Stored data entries
****************
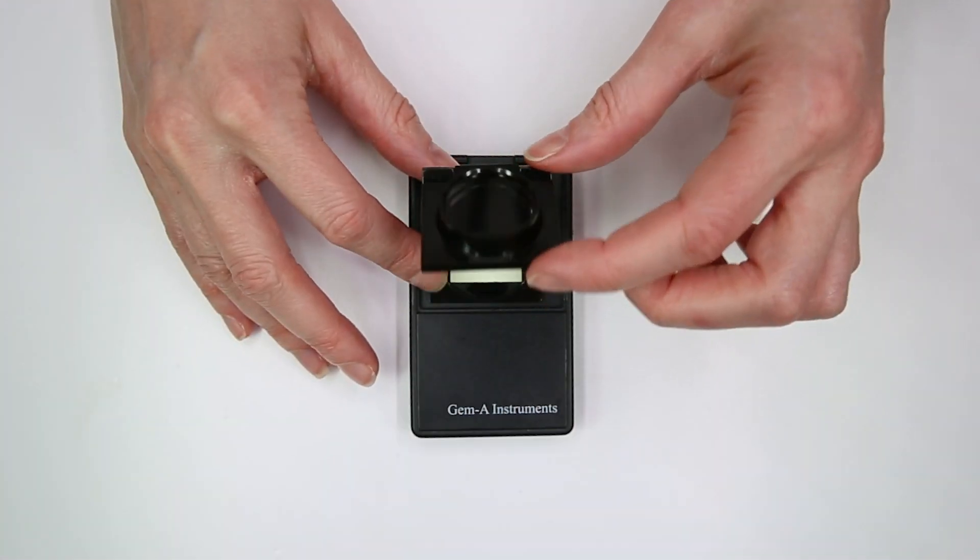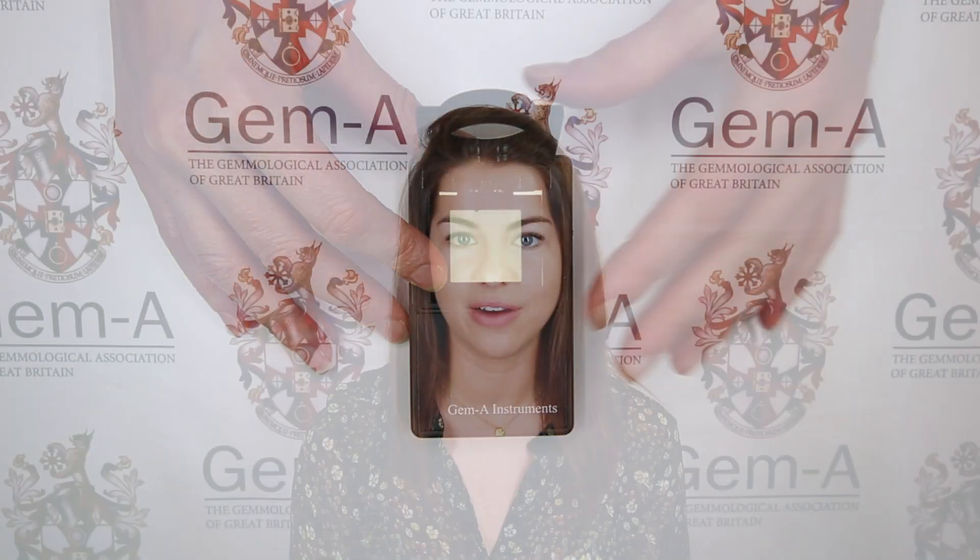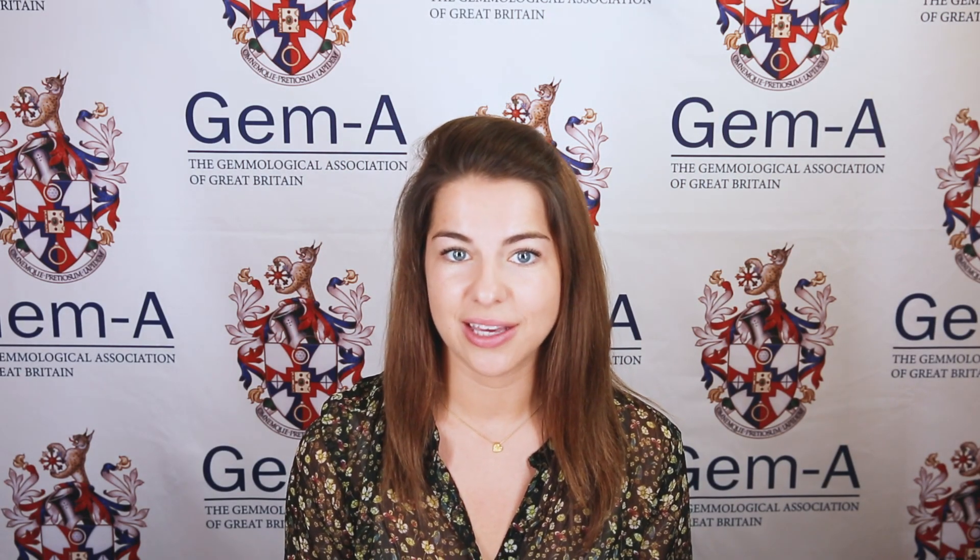Another factor that can affect results is a dark rim seen when the gem is in its light position. This dark rim is seen when the angle of the crown facets reflects away the light from the polariscope, making these areas look dark, but this might still be the gem going completely light. To check whether this is the case, remove the top filter of the portable polariscope. What you see here is what the gemstone will look like from its lightest position if it has one. If the dark areas are still present when the top filter is removed, they can then be ignored when put under the polarising filter.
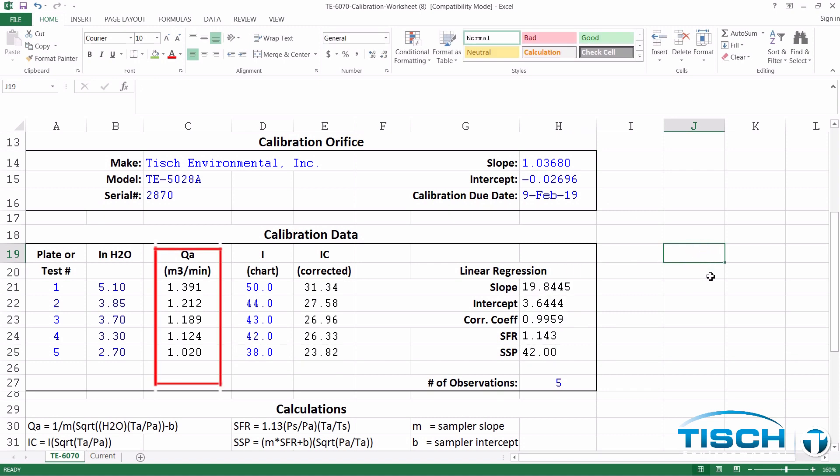In the QA column, you need a number higher than 1.24 cubic meters per minute and a number lower than 1.02 cubic meters per minute, with three numbers in between. Our correlation coefficient is greater than 0.990, which means it was a good calibration.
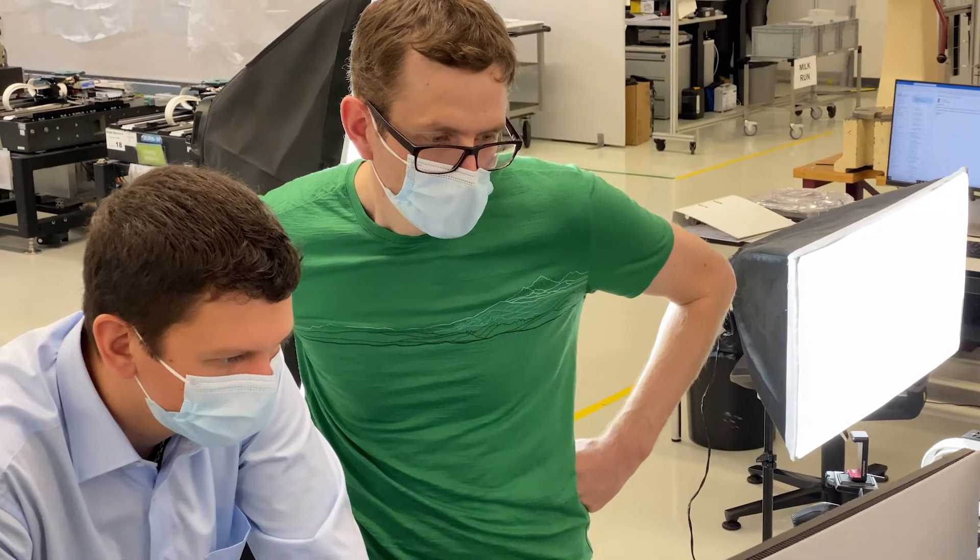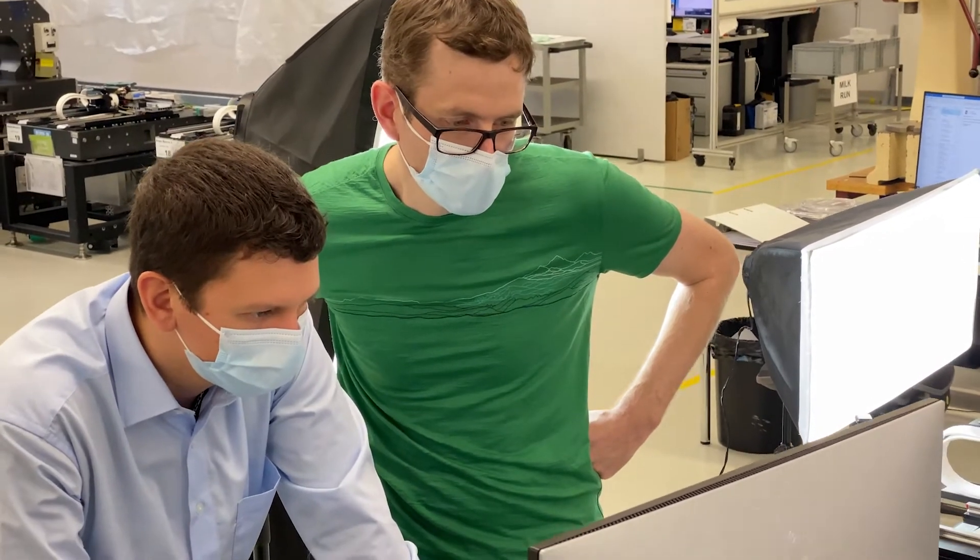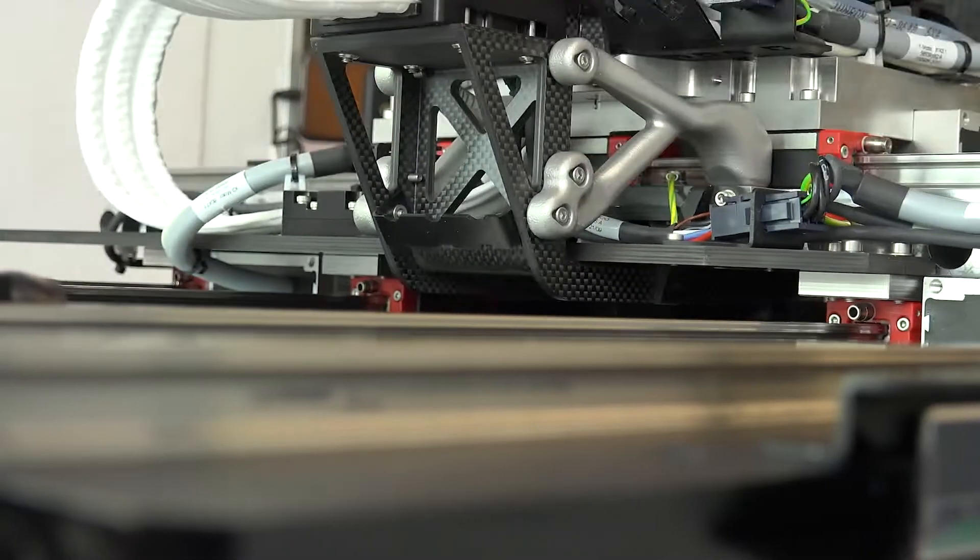It's something incredible that excites me about engineering, that you can build almost anything you can imagine.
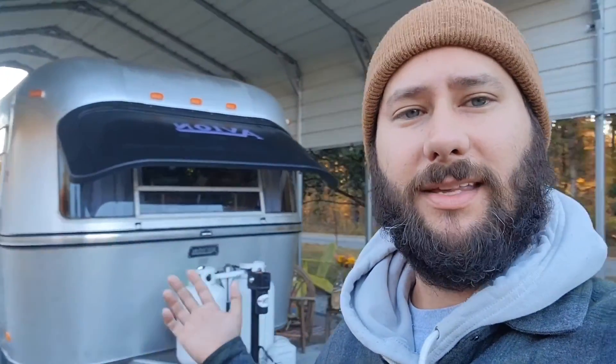Today we're installing a Samsung Mini Split on this Avion Travel Trailer. This is going to be an interesting project because we have not done this before, so I'm excited to show you the before, the after, and I'll give you some details about the installation. You're watching HVAC Tips for Homeowners, I'm Tad, and today we're going to learn how to install a Mini Split on an Avion Travel Trailer.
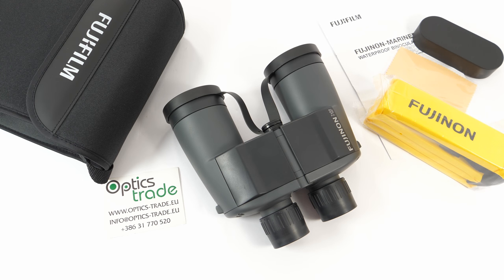Hello and welcome back to another review on our Optic Street YouTube channel. Today I am going to talk about the Fujinon 7x50 VPXL binoculars.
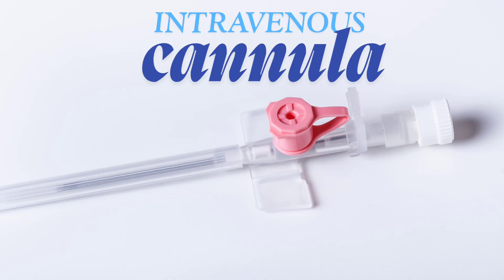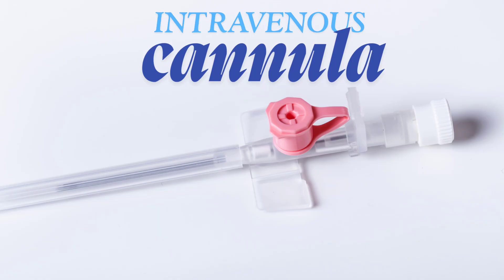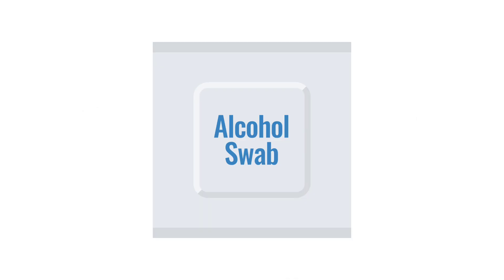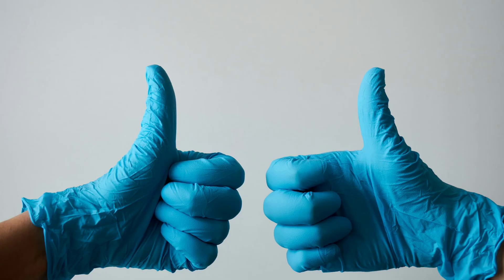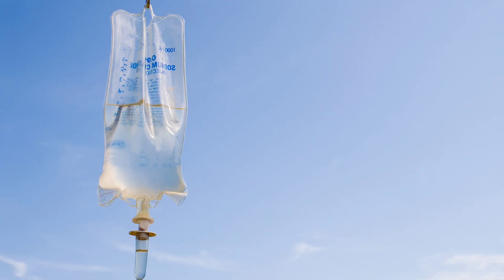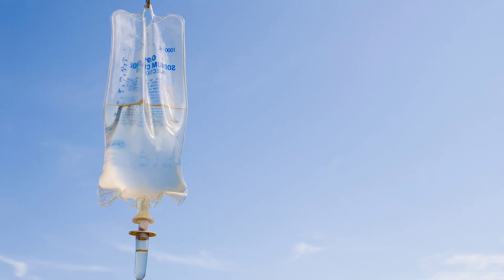Equipment you will need: 1) IV cannula, 2) tourniquet, 3) alcohol swab, 4) sterile gloves, 5) tape or Tegaderm to secure, 6) optional IV fluids, and 7) a sharps container to dispose of sharps.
****************
Output each entry shown above exactly as it stands, with all pictures removed.

### [Completed exercise]
Another factor that can affect results is a dark rim seen when the gem is in its light position. This dark rim is seen when the angle of the crown facets reflects away the light from the polariscope, making these areas look dark, but this might still be the gem going completely light. To check whether this is the case, remove the top filter of the portable polariscope. What you see here is what the gemstone will look like from its lightest position if it has one. If the dark areas are still present when the top filter is removed, they can then be ignored when put under the polarising filter.
In the QA column, you need a number higher than 1.24 cubic meters per minute and a number lower than 1.02 cubic meters per minute, with three numbers in between. Our correlation coefficient is greater than 0.990, which means it was a good calibration.
It's something incredible that excites me about engineering, that you can build almost anything you can imagine.
Today we're installing a Samsung Mini Split on this Avion Travel Trailer. This is going to be an interesting project because we have not done this before, so I'm excited to show you the before, the after, and I'll give you some details about the installation. You're watching HVAC Tips for Homeowners, I'm Tad, and today we're going to learn how to install a Mini Split on an Avion Travel Trailer.
Hello and welcome back to another review on our Optic Street YouTube channel. Today I am going to talk about the Fujinon 7x50 VPXL binoculars.
Equipment you will need: 1) IV cannula, 2) tourniquet, 3) alcohol swab, 4) sterile gloves, 5) tape or Tegaderm to secure, 6) optional IV fluids, and 7) a sharps container to dispose of sharps.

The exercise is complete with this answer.